Guru Besar Fakultas Ekonomi Universitas Indonesia, Sri Edi Swasono, menegaskan iklan anonim yang dipasang di Kompas jelas membela liberalisme. Iklan itu memelintir ucapan Bung Hatta untuk membela privatisasi.

"Semua orang terpelajar sudah tahu bahwa Bung Hatta dan Bung Karno bukanlah xenophobic, tidak anti asing," ujar Sri Edi Swasono.

Menantu Bung Hatta ini menambahkan Bung Hatta pernah berkata, "Lebih baik Indonesia tenggelam ke dasar lautan daripada menjadi embel-embel bangsa lain". Jadi secara lugas Bung Hatta mengutuk tajam liberalisme, kapitalisme, dan imperialisme.

Hatta memang bukan seorang yang antiasing, tidak pula anti modal asing. Tetapi, itu bukan berarti pandangan Hatta yang dikutip di Kompas terlepas dari cita-cita nasional, yaitu bahwa investasi asing maupun pinjaman luar negeri harus mampu meningkatkan kemandirian nasional.
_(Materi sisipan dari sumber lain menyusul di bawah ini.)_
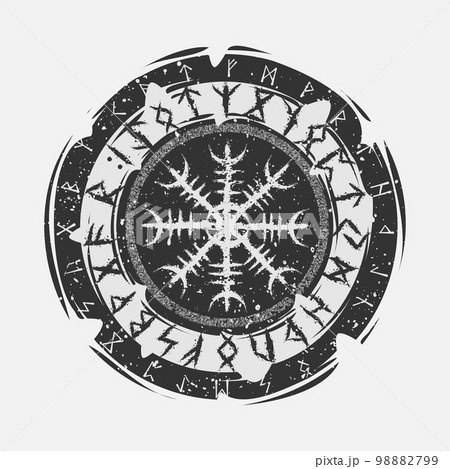Viking symbol rune dark circle shield 98882799
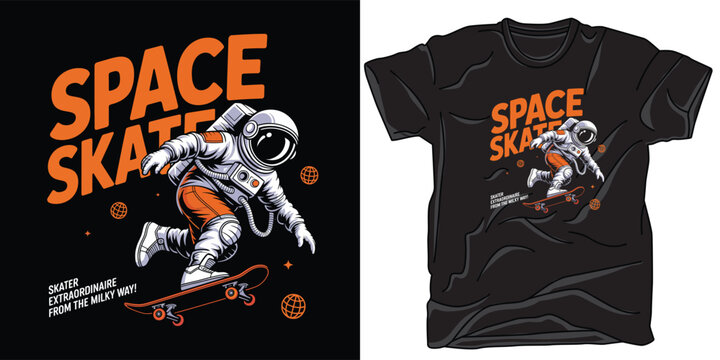 Space skater t shirt design astronaut on skateboard in galaxy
Iklan anonim atau iklan kaleng yang dimuat di harian Kompas tentang gugatan Undang-Undang Migas yang digugat oleh lima tokoh nasional berisi ungkapan Bung Hatta, "Bung Hatta antikapitalisme tetapi tidak anti kapital... Jadi Bung Hatta tidak anti investasi asing." Begitulah isi iklan yang dimuat di Kompas, 9, 17, dan 27 Agustus 2012. Kelima tokoh itu menganggap pariwara tersebut sebagai "iklan kaleng."

Seperti diberitakan sebelumnya, para tokoh itu beranggapan iklan kaleng yang setidaknya dimuat tiga kali pada 9, 17, dan 27 Agustus 2012 itu dilakukan kelompok orang yang ingin mendapat keuntungan di atas kerugian negara dan rakyat Indonesia. Semuanya berawal dari pertemuan di kediaman Sri Edi Swasono, Rumah Bung Hatta, Jl. Diponegoro 57, Jakarta Pusat, Selasa (4/9).

Dalam pertemuan itu, mereka sepakat menyebut iklan yang dimuat Kompas sebagai "iklan kaleng" sebab tidak mencantumkan jati diri pemasang iklan. Sementara, menurut pengakuan Kwik, suratnya pada Pimpinan Redaksi Kompas yang mempertanyakan boleh tidaknya memuat iklan yang tak jelas identitas pemasangnya, sama sekali tidak ditanggapi.